Caretakers at the Cleveland Metroparks Zoo are celebrating today after the birth of two brand new Amur tiger cubs. The cubs made their public debut at the zoo on January 31. But there's still a big problem — they don't have names! So the zoo is turning to the public for help in picking out the perfect monikers for their new additions.
The cubs were born back on November 6 to their parents Zoya and Hector.
Cleveland Metroparks Zoo released a statement about the cubs' birth, which was obtained by WKYC.
"The cubs are now 12 weeks old, weigh over 25 pounds and have reached several developmental milestones including transitioning to a meat diet, gaining strength and agility and spending time separated from mom," they said in the press release.
"As the cubs adjust to their new habitat, guests will have a chance to see them daily at Rosebrough Tiger Passage, with mornings being the best time to see them as they adjust to their new habitats," the statement reads.
As for the names, the zoo has narrowed their options down for each cub.
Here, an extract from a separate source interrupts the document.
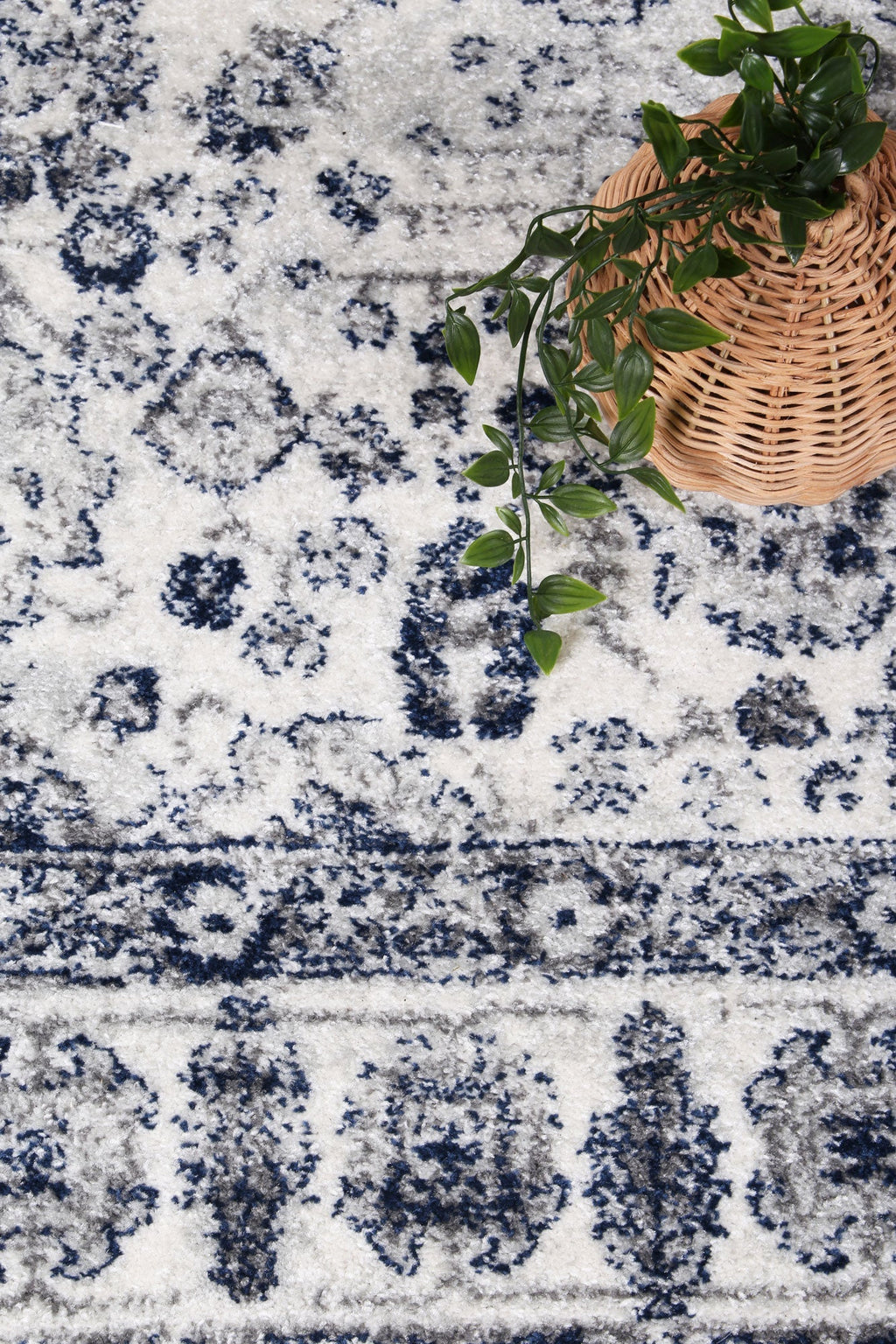 Provence Rugs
For the female cub, they've selected Mila, Karina, and Anoushka. As for the male cub they've chosen Ivan, Boris, and Sergei. The zoo has since said that "each of the name options are culturally significant to the communities where Amur tigers live."
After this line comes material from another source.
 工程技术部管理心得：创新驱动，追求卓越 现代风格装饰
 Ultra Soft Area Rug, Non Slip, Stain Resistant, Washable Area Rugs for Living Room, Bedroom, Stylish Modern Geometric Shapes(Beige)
The zoo even shared a short video of the cubs on TikTok, which shows the two playing around in their enclosure. "In their debut era," the video's caption jokes.
Amur Tiger Facts
You may know the Amur Tiger by their other well-known moniker — the Siberian tiger. These cats are some of the largest in the world. Males can weigh up to 160-190 kg, while females can weigh up to 110-130 kg.
Despite their larger size, their population numbers are actually small. According to a IUCN Red List assessment published in 2022, there is only an estimated 265–486 in the Russian Far East and a small number of Amur Tigers running across the border into China and possibly North Korea.
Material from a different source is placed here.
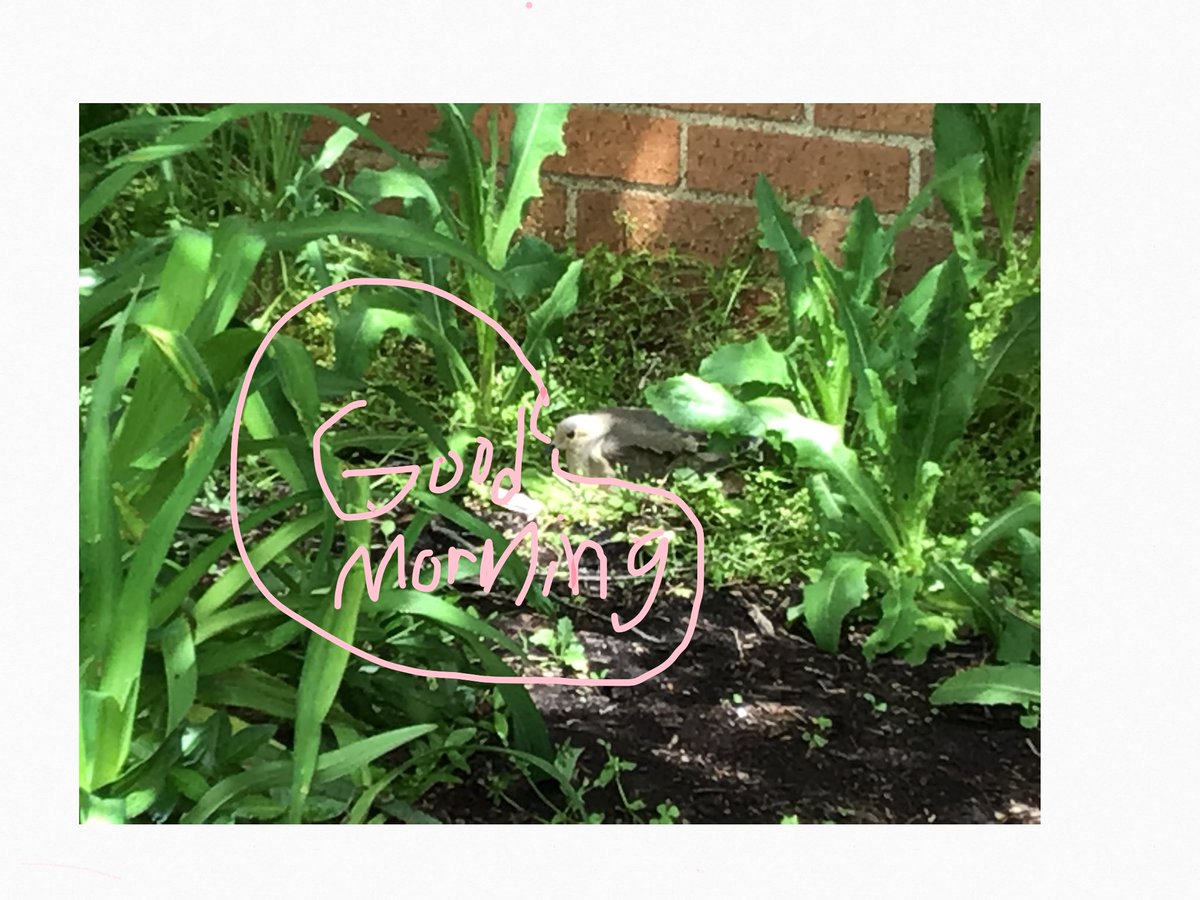 hegemierannette's tweet photo. @TremontLions family group members are Flower Talking!
#TremontCanCreate #uacreates https://t.co/wL2grg2Wtj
In the 1940s, Amur Tigers were on the brink of extinction. Sadly there were less than 50 Amur Tigers left in the world. Thankfully conservation efforts and new legislation helped strengthen the numbers of Amur Tigers, but they are still technically considered an endangered species.
If you want to weigh in on the names of the Cleveland Metroparks Zoo cubs, you can go to the Cleveland Metroparks Zoo website and vote up to February 12. To vote, you'll need to make a donation, but all money donated will be used to support wildlife conservation and combating illegal wildlife trade. The zoo will announce the winners on February 14.
So we guess you could say this is another reason to celebrate.